## Extracted information
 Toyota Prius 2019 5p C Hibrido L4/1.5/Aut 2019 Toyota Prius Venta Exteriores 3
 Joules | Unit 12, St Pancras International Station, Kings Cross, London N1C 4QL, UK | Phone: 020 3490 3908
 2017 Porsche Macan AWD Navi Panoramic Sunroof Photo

---

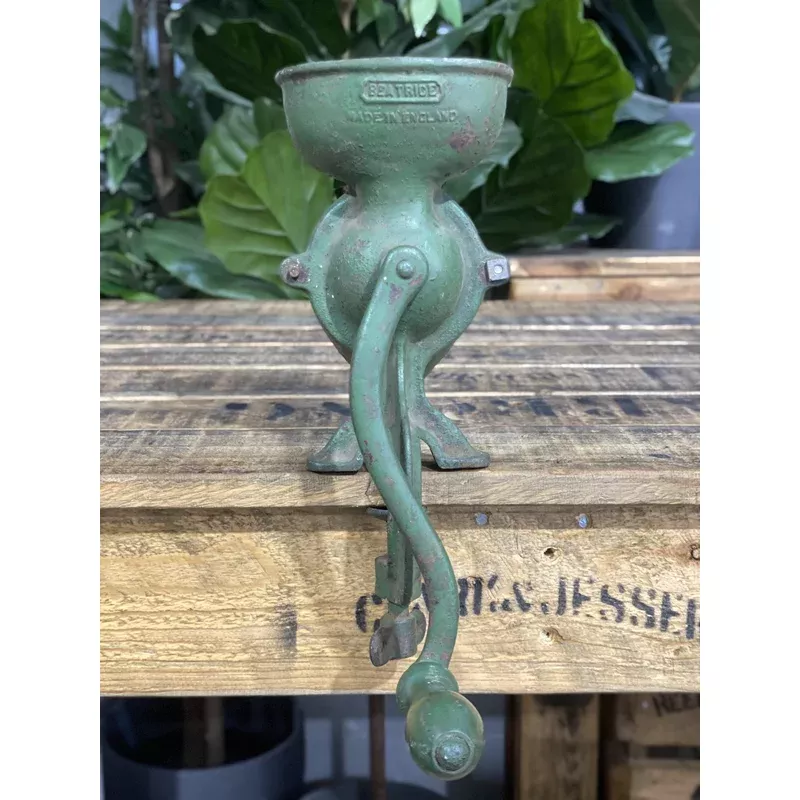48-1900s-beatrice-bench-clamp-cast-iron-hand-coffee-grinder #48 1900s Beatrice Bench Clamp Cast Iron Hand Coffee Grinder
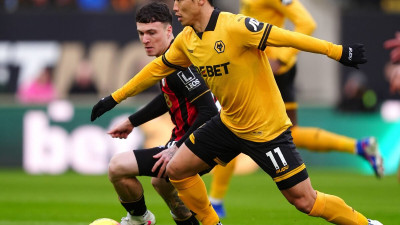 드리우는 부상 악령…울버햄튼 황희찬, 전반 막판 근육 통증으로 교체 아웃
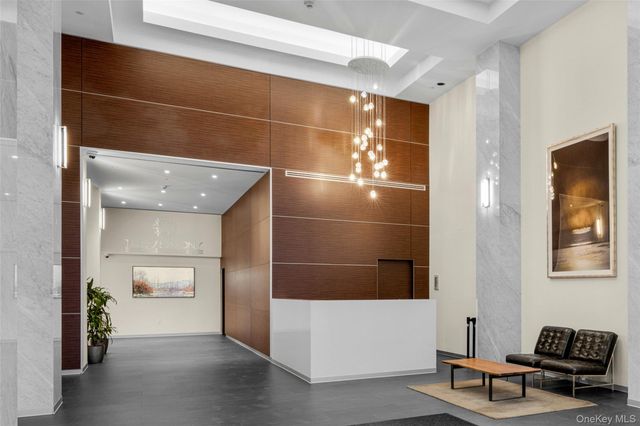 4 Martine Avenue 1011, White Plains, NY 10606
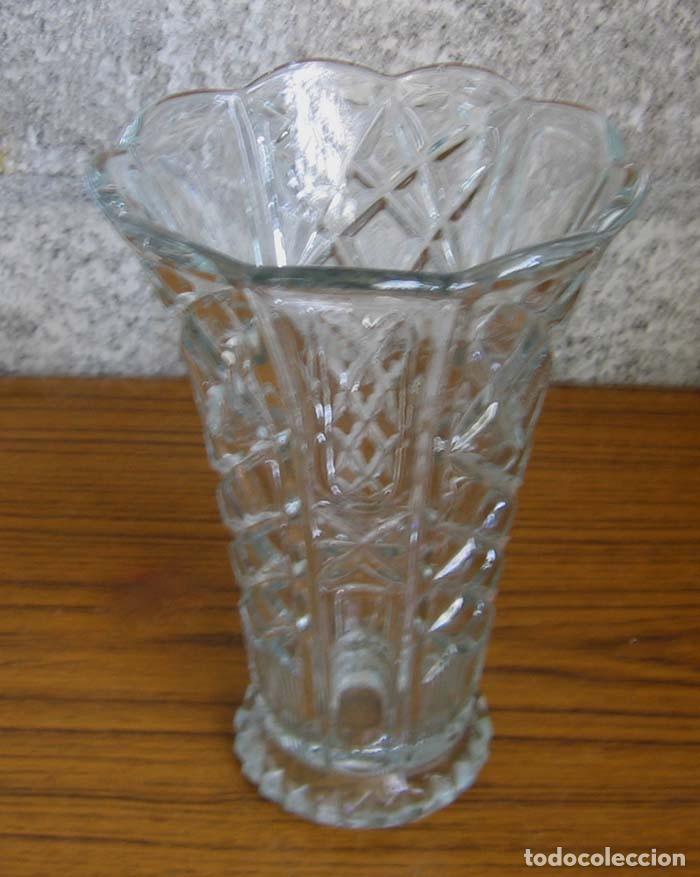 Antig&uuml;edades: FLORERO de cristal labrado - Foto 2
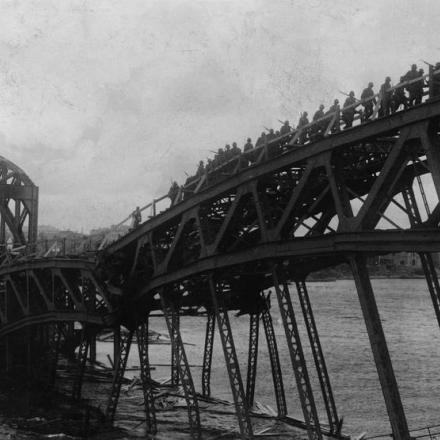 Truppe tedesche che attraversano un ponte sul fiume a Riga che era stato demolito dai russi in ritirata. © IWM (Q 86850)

---

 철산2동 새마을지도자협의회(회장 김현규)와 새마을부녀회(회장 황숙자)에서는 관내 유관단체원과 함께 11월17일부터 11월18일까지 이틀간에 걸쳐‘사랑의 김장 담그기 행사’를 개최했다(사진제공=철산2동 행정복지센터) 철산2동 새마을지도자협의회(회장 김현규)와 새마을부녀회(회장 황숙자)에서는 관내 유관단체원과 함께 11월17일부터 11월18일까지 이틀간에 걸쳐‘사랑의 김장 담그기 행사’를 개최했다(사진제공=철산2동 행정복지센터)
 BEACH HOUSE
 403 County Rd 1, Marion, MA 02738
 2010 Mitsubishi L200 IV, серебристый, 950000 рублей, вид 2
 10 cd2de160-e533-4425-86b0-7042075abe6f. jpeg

## Directions for this task
The range runs from the line with "2010 Mitsubishi L200" up to and including the line with "10 cd2de160-e533-4425-86b0-7042075abe6f. jpeg" in the listing above; please write out exactly those lines and nothing more.

## Solution to the exercise
 2010 Mitsubishi L200 IV, серебристый, 950000 рублей, вид 2
 10 cd2de160-e533-4425-86b0-7042075abe6f. jpeg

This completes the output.